El chileno Patricio Guzmán le da una voz al agua que baña las costas de su magnífico y salvaje país, formulando un poético y fuerte "Yo acuso".
Es bastante excepcional que un documental forme parte de la competición berlinesa, pero El botón de nácar es una película bastante excepcional, una obra importante, que merecía reunir muchos esfuerzos, tanto en Chile como en Europa (ya que está coproducida por la española Mediapro y las francesas Atacama Productions y France 3 Cinéma con el apoyo del CNC francés y France Télévisions, Ciné+, la Radio Télévision suisse y la cadena regional alemana WDR.

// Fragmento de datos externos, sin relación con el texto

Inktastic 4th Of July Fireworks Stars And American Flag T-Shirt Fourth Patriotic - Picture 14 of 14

Fiel al punto de vista de los elementos naturales y del cosmos sobre los que se fundó toda la cultura de los selknam, el pueblo amerindio hoy diezmado que vivía en armonía con la naturaleza chilena, extrema y majestuosa, el veterano documentalista Patricio Guzmán, de 73 años,parte de la idea de que el agua tiene memoria para contarnos la historia de su país y de sus más profundas heridas. Todo guiándonos a través de su voz, con la que el director nos muestra primero, tan de cerca que la imagen casi se convierte en conceptual, y totalmente lírica, un bloque de cuarzo encontrado en el desierto de Chile que contiene una gota de agua milenaria. El agua, que en la escalera del cosmos representa la vida, es tan omnipresente en la película como en Chile, que le debe su mayor frontera, esa en la que la Cordillera de los Andes se cae hacia un magnífico mar helado, golpeando los bloques de hielo cristalino con sus potentes olas.

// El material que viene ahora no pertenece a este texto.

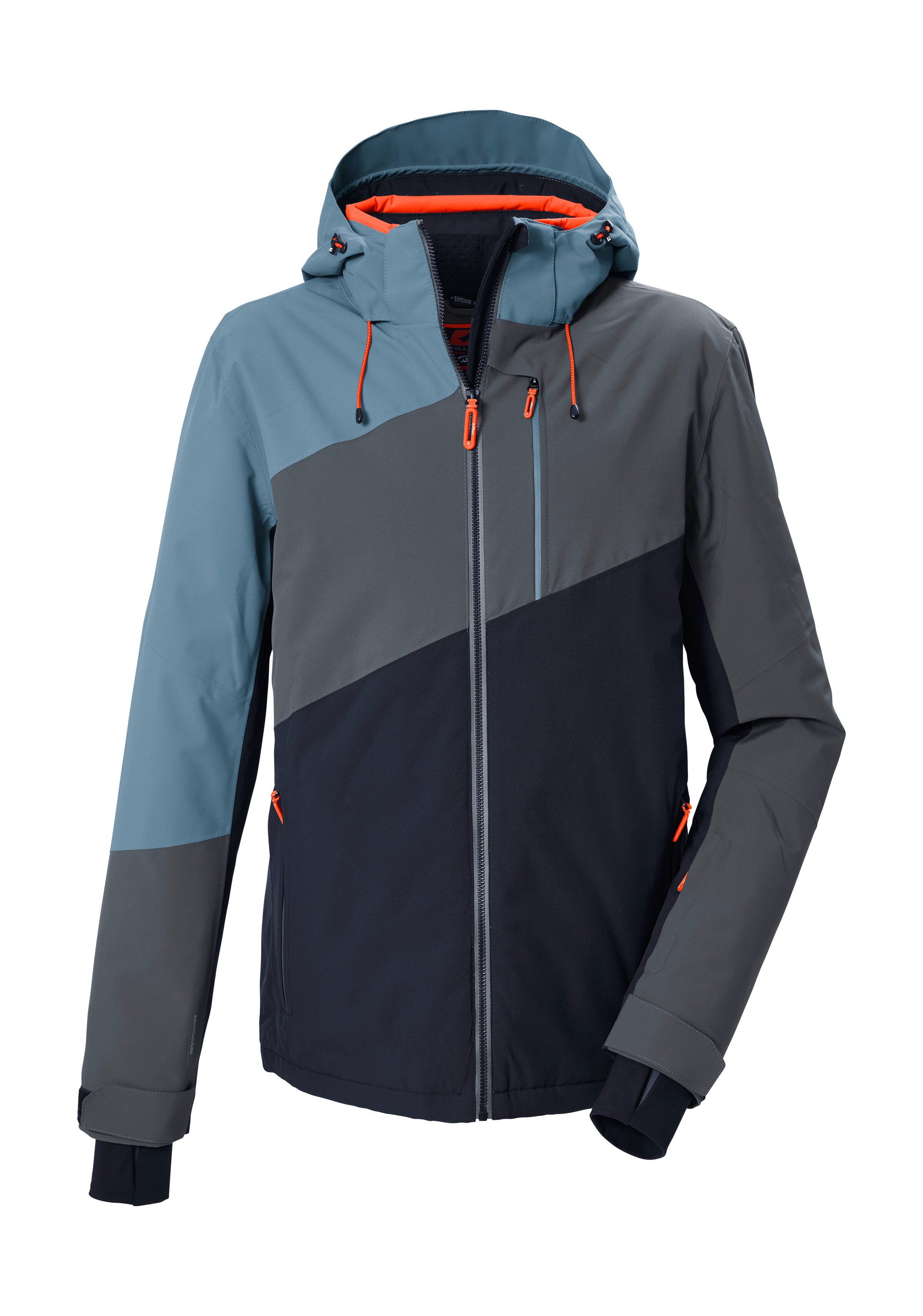 Killtec Skijacke KSW 89 MN SKI JCKT Mehrfarbige, wasserdichte Skijacke mit abnehmbarer Kapuze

Acompañado con el ruido de la lluvia –que seguimos también cuando se convierte en copos de nieve en las cimas y se vuelve a fundir, a través de una infinidad de pequeñas perlas inquietas, nunca estáticas–, el autor nos habla de los indígenas, que vivían desnudos en estos gélidos paisajes y trazaban líneas y puntos inmaculados como la nieve en sus pieles morenas. Los indígenas de grandes pies que los colonos (que los llamaban “patagones”) masacraron en medio siglo (a partir de finales del siglo XIX) apropiándose de su mundo, llevando con ellos sus microbios asesinos y terminando por acabar con los selknam al recompensar a los "cazadores de indios" que presentaban órganos de los indígenas abatidos.
Cuando finalizó este genocidio, otra exterminación le siguió a continuación, de la que el mar aún contiene rastros. En los años 1970, bajo la dictadura de Augusto Pinochet, la "Caravana de la Muerte" asesinó a millares e hizo desaparecer a centenas de personas. Hace solo diez años, se descubrió que habían sido atados, muertos o vivos, a raíles colocados en grandes bolsas de plástico que se arrojaron al mar por helicópteros de la armada. De los desaparecidos del centro de detención Villa Grimaldi, tirados al mar, ya no queda rastro alguno que permita identificarlos, o casi, si exceptuamos un botón de nácar incrustado en el óxido de uno de esos horribles raíles, fruto de la acción del agua.
"Si el agua tiene una memoria”, dice el poeta Raúl Zurita, “entonces también se acuerda de eso". En ella vive aún el recuerdo de cada uno de estos indígenas, de cada uno de los desaparecidos de la dictadura, y es por ello que Guzmán ha querido, ahora, darle una voz.